*** Data to process Section Begins ***
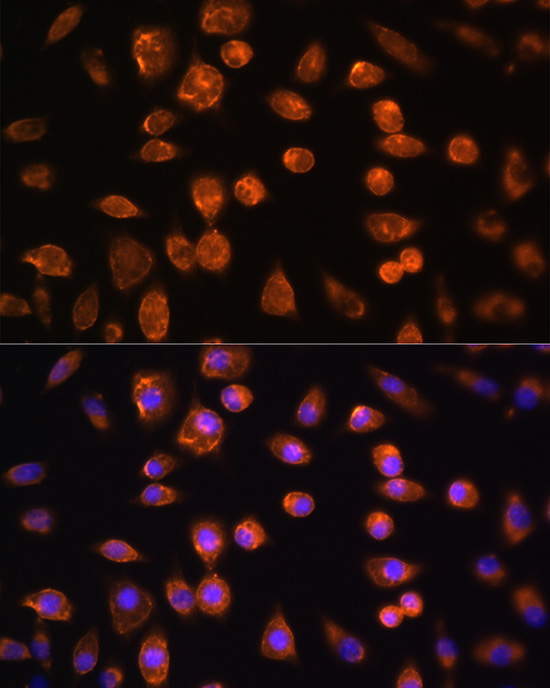 Anti-FLT4 Antibody (CAB5605)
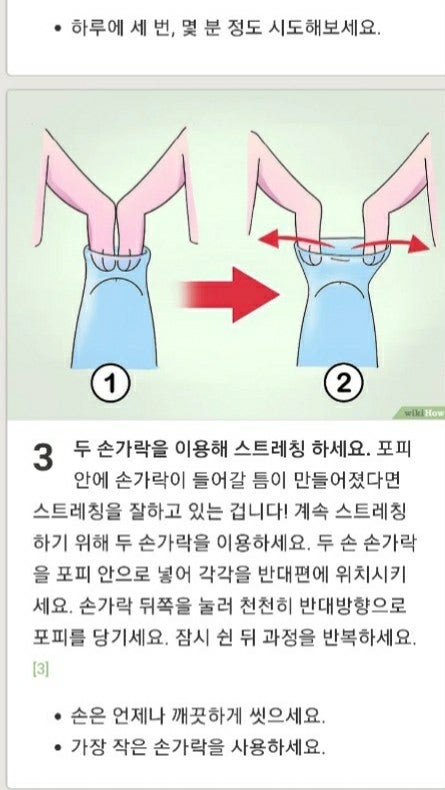 가성포경을 자연포경 만들기 : 네이버 블로그 가성포경을 자연포경 만들기 : 네이버 블로그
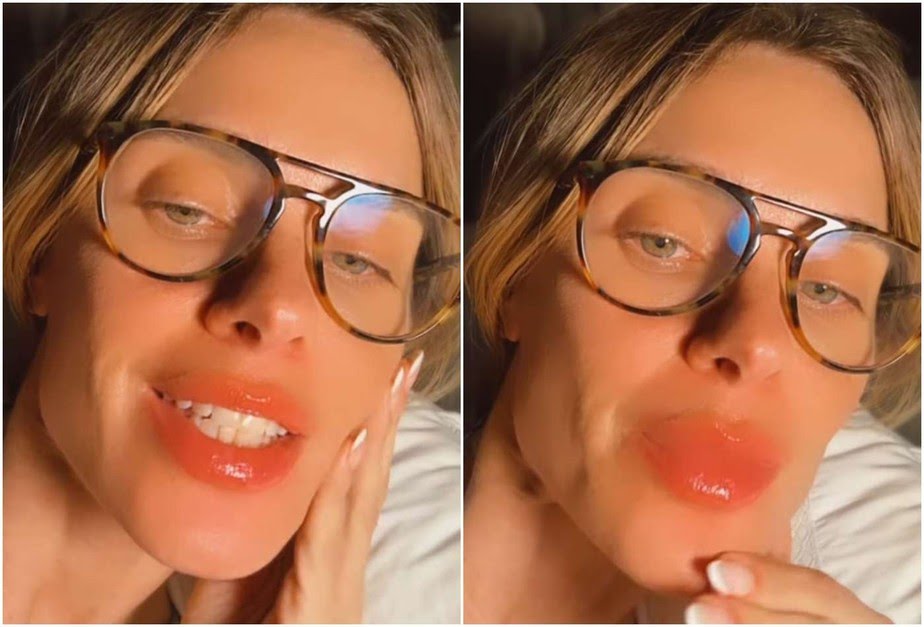 Carolina Dieckmann relata reação alérgica nos lábios após voo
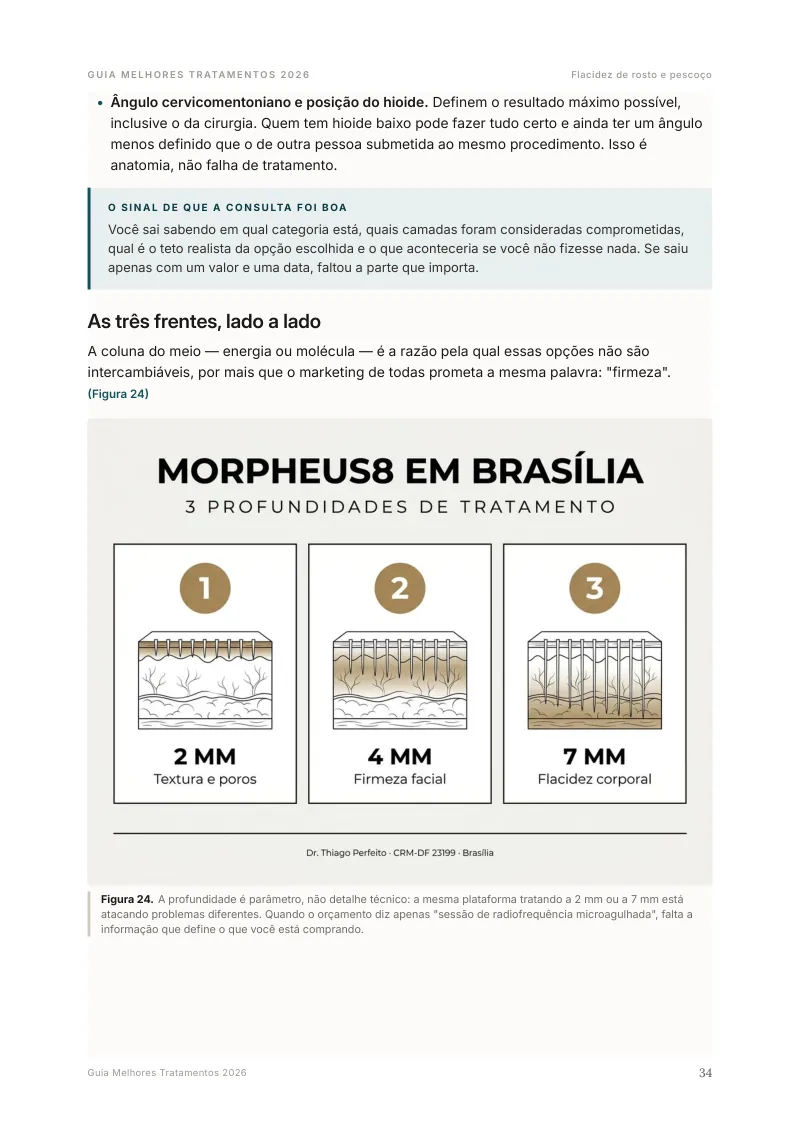 Página sobre as 3 profundidades do Morpheus8 no Guia Melhores Tratamentos 2026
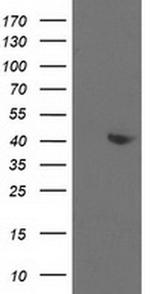 Aldolase B Antibody in Western Blot (WB)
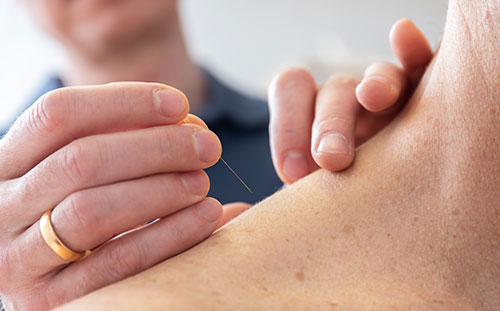Praxis-castorphmuellersika – Dr. Müller besitzt die Zusatzbezeichnung Akupunktur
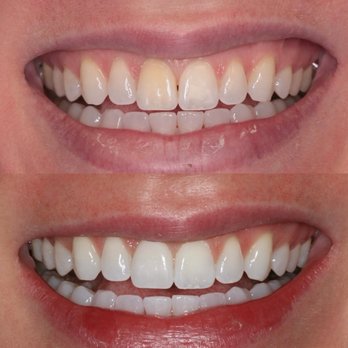 Michelle Ringwald, DMD - immediate implant placement, single front tooth restoration and teeth whitening transformed this woman's smile. - Cosmetic Dentists Near Me - Beverly Hills, California Michelle Ringwald, DMD - immediate implant placement, single front tooth restoration and teeth whitening transformed this woman's smile. - Cosmetic Dentists Near Me - Beverly Hills, California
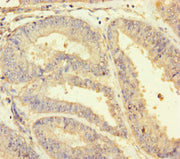 Immunohistochemistry of paraffin-embedded human endometrial cancer using CSB-PA10989A0Rb at dilution of 1:100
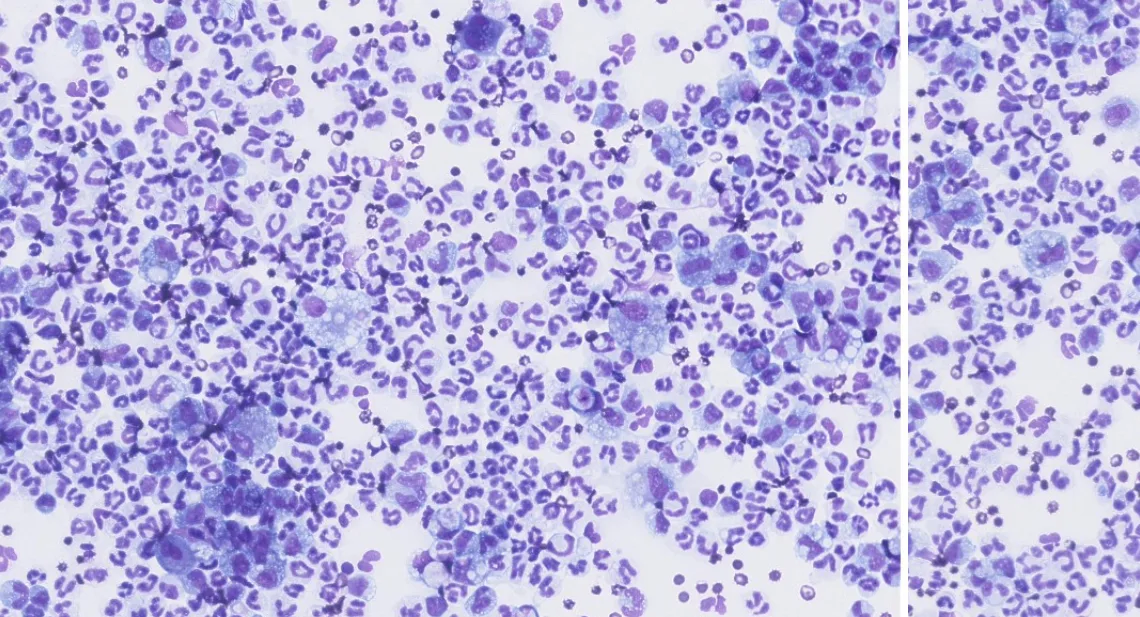 Highly cellular cytology of pleural fluid from dog.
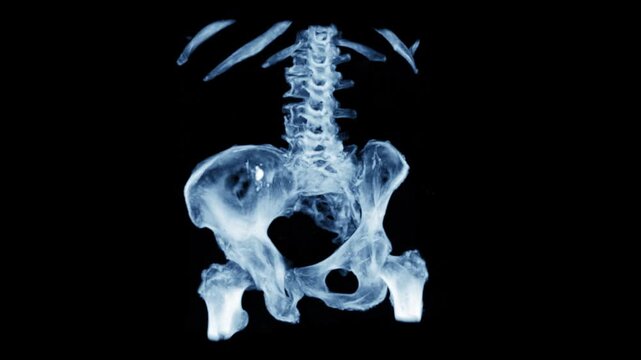 X-ray style 3D CT rendering of the human pelvis, hip joints and lumbar spine in glowing blue on a black background, medical animation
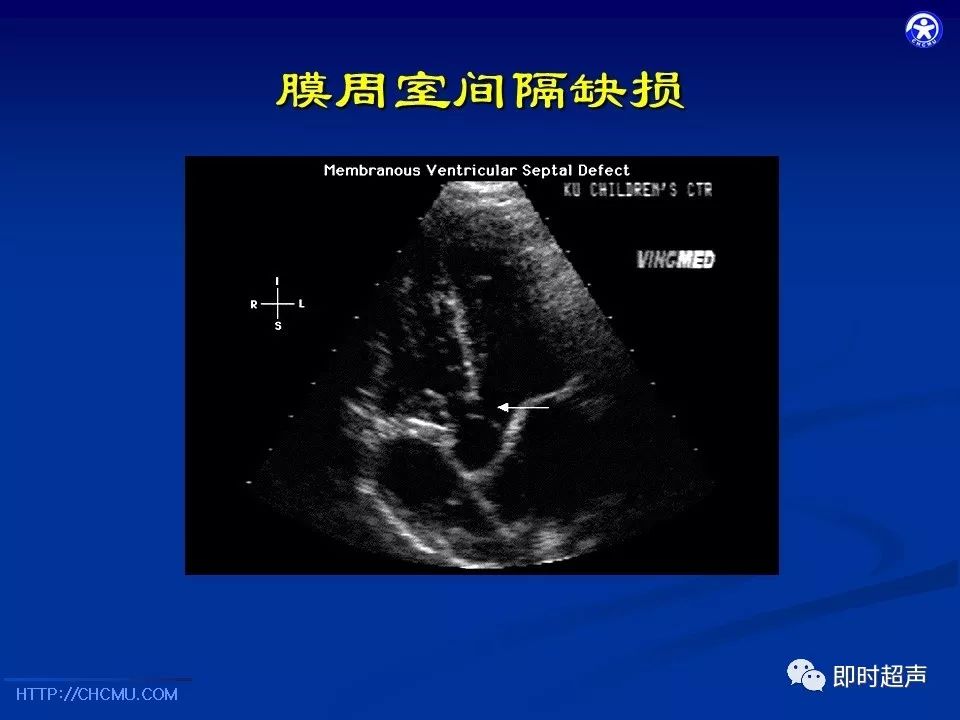 小儿先天性心脏病超声心动图检查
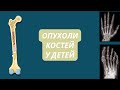 Опухоли Костей у Детей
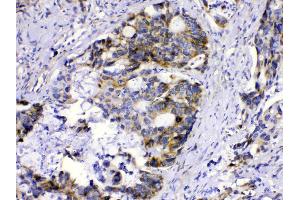 MUT was detected in paraffin-embedded sections of human intetsinal cancer tissues using rabbit anti- MUT Antigen Affinity purified polyclonal antibody (Catalog # ) at 1 µg/mL.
*** Data to process Section Ends ***
- [Brief]
From the data above, retype only the lines starting with the line with "Aldolase B Antibody in Western Blot (WB)" and going on through the line with "Опухоли Костей у Детей", exactly, leaving out the pictures.

- [Response area]
 Aldolase B Antibody in Western Blot (WB)
Praxis-castorphmuellersika – Dr. Müller besitzt die Zusatzbezeichnung Akupunktur
 Michelle Ringwald, DMD - immediate implant placement, single front tooth restoration and teeth whitening transformed this woman's smile. - Cosmetic Dentists Near Me - Beverly Hills, California Michelle Ringwald, DMD - immediate implant placement, single front tooth restoration and teeth whitening transformed this woman's smile. - Cosmetic Dentists Near Me - Beverly Hills, California
 Immunohistochemistry of paraffin-embedded human endometrial cancer using CSB-PA10989A0Rb at dilution of 1:100
 Highly cellular cytology of pleural fluid from dog.
 X-ray style 3D CT rendering of the human pelvis, hip joints and lumbar spine in glowing blue on a black background, medical animation
 小儿先天性心脏病超声心动图检查
 Опухоли Костей у Детей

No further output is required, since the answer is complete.